Le guide de lecture passe en revue la bibliographie disponible en français (ou presque) de Watts. Apophis vous parle de la trilogie Rifteurs composés des romans Starfish, Rifteurs et βéhémoth. Il en dit le plus grand bien. Je vous parle de la trilogie en devenir Blindopraxia pour le moment constituée des deux romans Visions aveugle et Echopraxie. J’en dis le plus grand bien. Philippe Boulier vous parle de Au-delà du gouffre et en dit le plus grand bien. Enfin, Erwann Perchoc vous présente deux textes inédits (pour le moment) en français : Crysis: Legion et Freeze-Frame revolution. A noter que le second texte, Freeze-Frame revolution s’inscrit dans un cycle nommé Sunflower, déjà exploré dans les nouvelles Éclats, L’île et Géantes publiées dans Au-delà du gouffre. Il en dit le plus grand bien.

Alors, vous attendez quoi pour lire Peter Watts ?

Je n’ai pas parlé de tout, il y a aussi les rubriques de Thomas Day qui passe les magazines francophones de SF à la toile émeri, une interview de Jean-Luc Rivera, l’homme derrière le festival des imaginaires de Sèvre, et la rubrique Scientifiction qui cette fois-ci s’intéresse aux monstres et au CrispR-Cas9 ! Tout un programme.
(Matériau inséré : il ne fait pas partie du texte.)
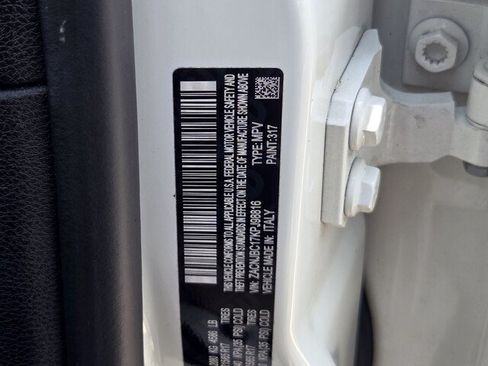 Used 2019 Jeep Renegade Trailhawk AWD/4WD image 29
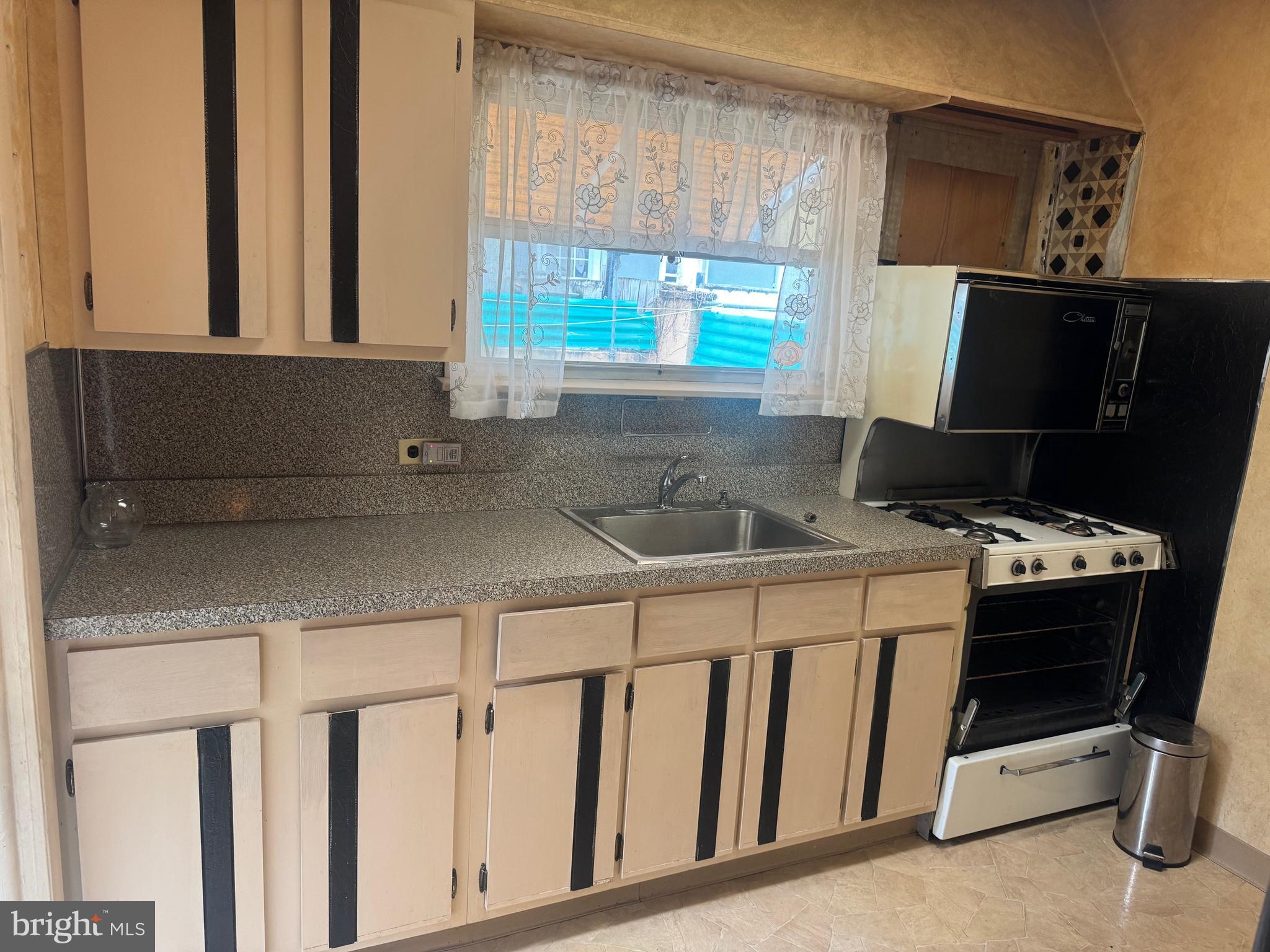 LOWER MOYAMENSING - Residential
*Ayant signé un contrat de confidentialité pour le moins contraignant, je ne peux vous parler des conditions dans lesquelles j’ai été recruté : de l’arrivée devant chez moi de la longue limousine noire, des jéroboams de blanc de blancs millésimés, du palais d’Onyx d’Olivier Girard à Saint Mammès,  des danseuses Twi’leks qui nous attendaient lascives au bord de la piscine de marbre et d’or, ni de la soudaine chute dans la crypte dont les murs aux angles non euclidiens portaient encore la trace des ongles d’anciens collaborateurs, ni des brûlures du fouet tressé en peau de Balrog d’Erwann Perchoc, non tout ça je ne peux en parler.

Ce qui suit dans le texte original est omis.